Why Diagnose with AI/ML

Most of medicine is taught using what we call “clinical pearls”, the small bits of free standing, clinically relevant information often shared by a wise mentor, distilled from a life time of experience and observations. Each of these pearls are true, even if most of us are unable to fully explain why. Other clinical pearls don’t have a good physiologic underpinning. But, as soon as you begin to interrogate the physiology, it becomes quite clear there is a lot more going on. The explanation has interesting and important implications for treatment.

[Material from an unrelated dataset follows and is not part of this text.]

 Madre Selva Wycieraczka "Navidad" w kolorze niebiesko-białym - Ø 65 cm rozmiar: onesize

Many clinicians reflexively order monitoring labs and position their diagnostic approach according to the referance values of the labs’ given range of what is designated as “normal”. This in turn is to ascertain if the patient is within the specified range or not. Which may be valid for some cases.

This provides,

  • Pertaining to the scheduled time for the consultation
  • Less burn-out
  • Presumably, clearance from potential law suits

All of which are required, to conclude a feasable practice. Yet, every patient depending on their specific condition may require subtle adjustments to the common referance values and ranges. Whatever the units of measurement may be, and however minute the difference between the custom designed reference markers and standard markers may be, it may make a great difference for the diagnosis, perhaps even turn it on its head.

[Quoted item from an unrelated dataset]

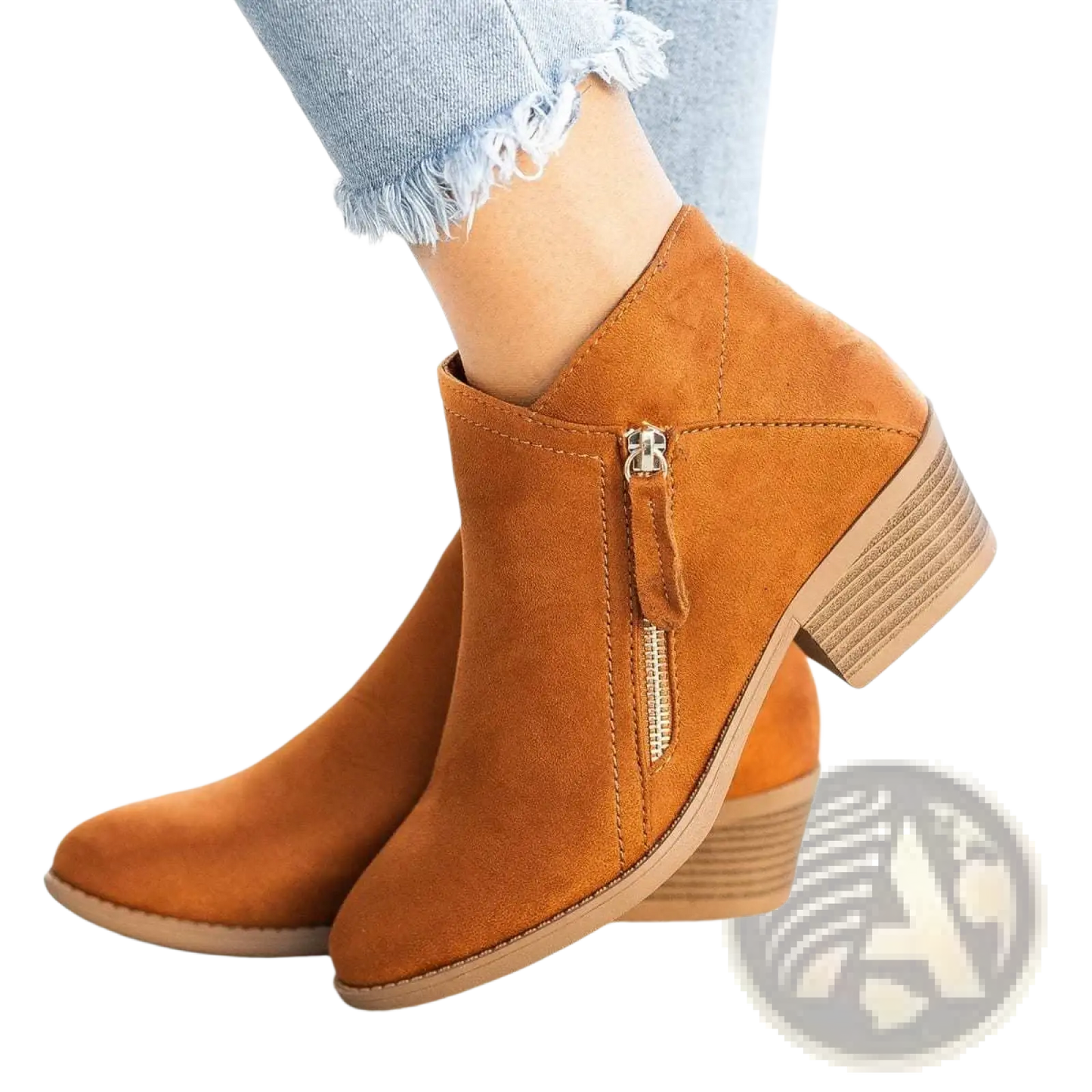 Dr. Martens Suede Chunky Heel Side Zip Boots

In most cases it is highly difficult and time consuming, for the medical doctor or specialist to calculate and adjust to this “personal optimal range”. 

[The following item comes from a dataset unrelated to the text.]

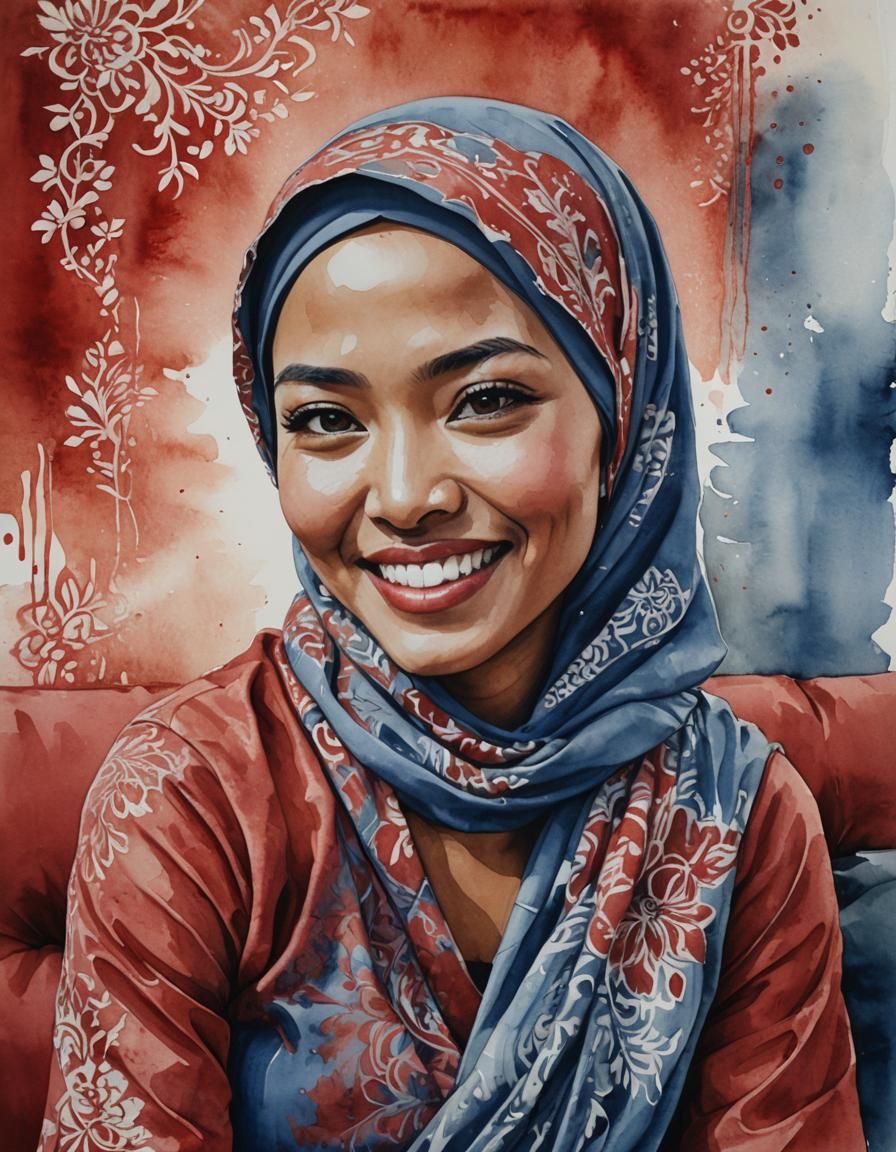 Young Malay Woman in Red Sofa, Wearing Hijab and Kebaya Dres...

Each medical specialty has expertise in a set of symptoms for a specific pathology. There are some symptoms whose causes span many diseases and systems, that they can’t be owned just by the subspecialists but instead should also be “owned” by general internists.

Nevertheless, the exponentially growing complexity of systems biology, molecular biology, genetics, and the immense volumes of mega-data attached to these fields of science, makes it even more complicated for the MD to juggle all this knowledge without breaking a glass or two. This in turn, makes the ever-difficult medical profession even more compelling.